* [What is required]
With the pictures left out, please write out exactly each line from the one containing "Wanderholic Hotel Телави Екстериор снимка" through the end of the material.

* [Information supplied]
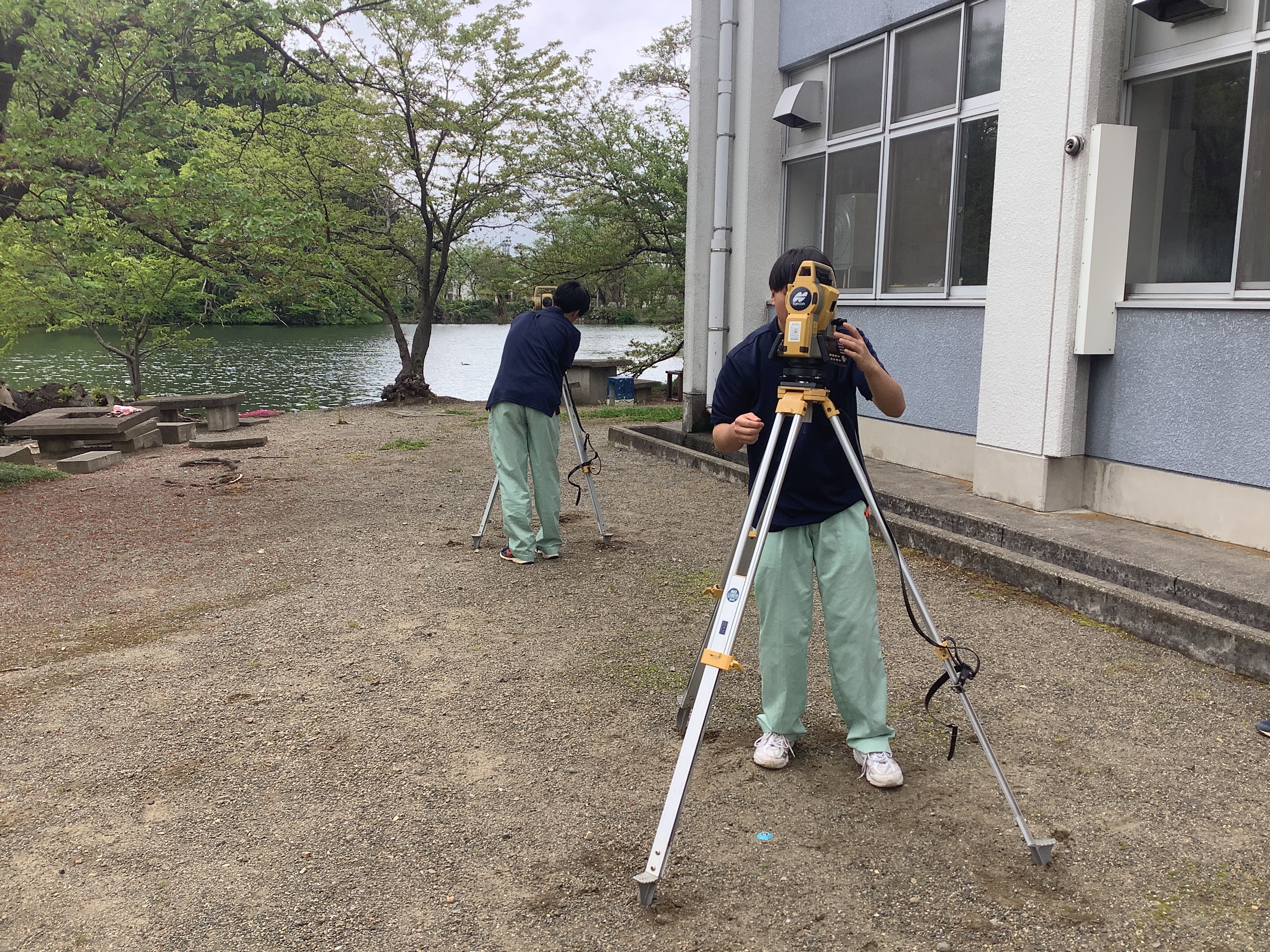 校内での測量練習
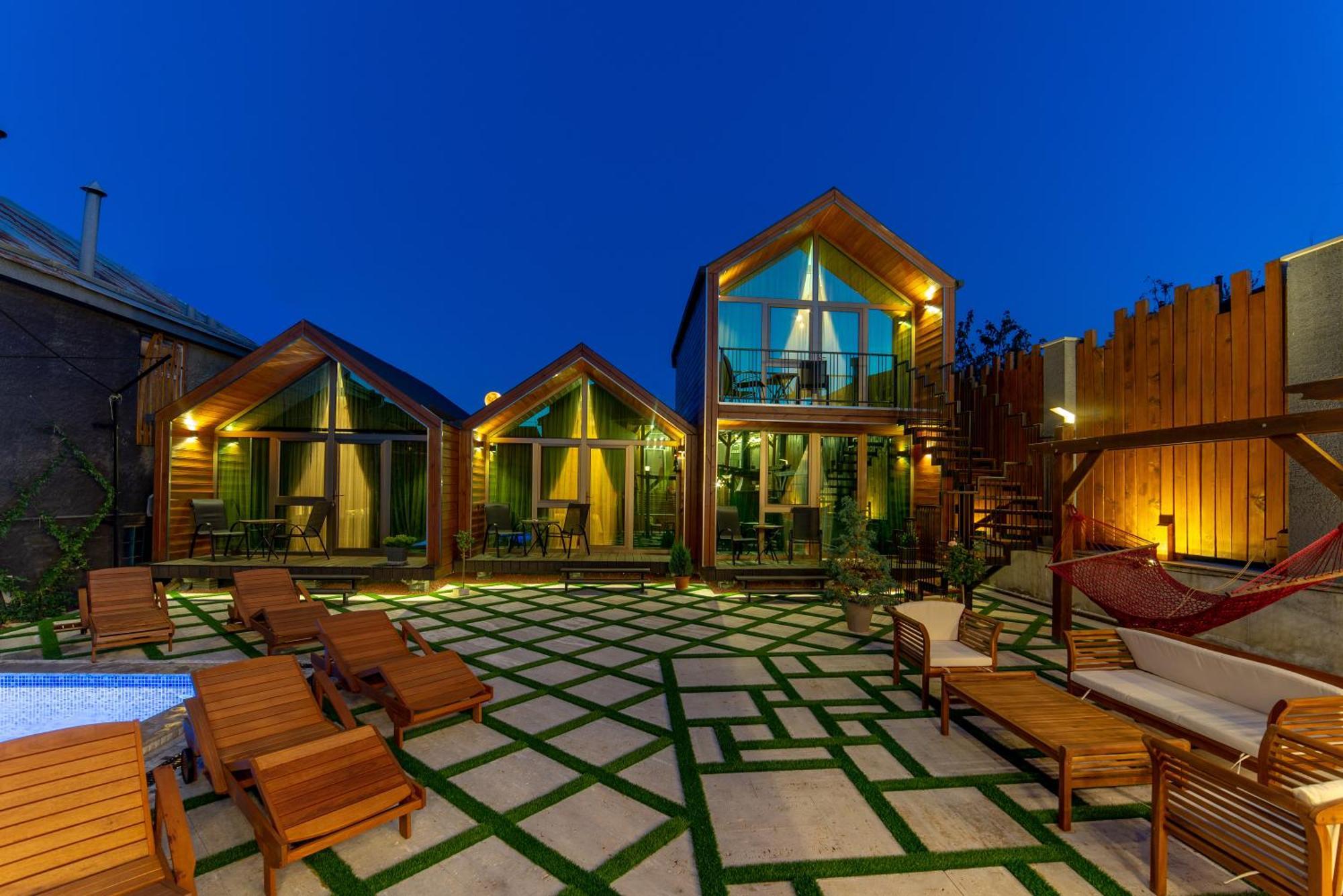 Wanderholic Hotel Телави Екстериор снимка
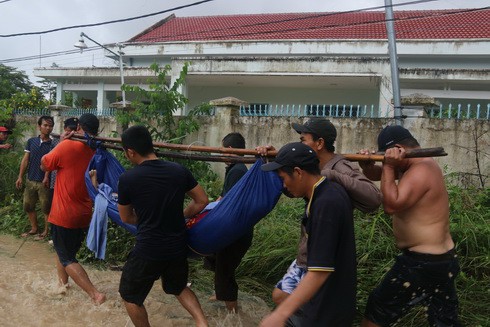 Nha Trang: Thầy cô đón 20-11 trong bùn, người chết vẫn tăng - Ảnh 11.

* [Answer for this exercise]
 Wanderholic Hotel Телави Екстериор снимка
 Nha Trang: Thầy cô đón 20-11 trong bùn, người chết vẫn tăng - Ảnh 11.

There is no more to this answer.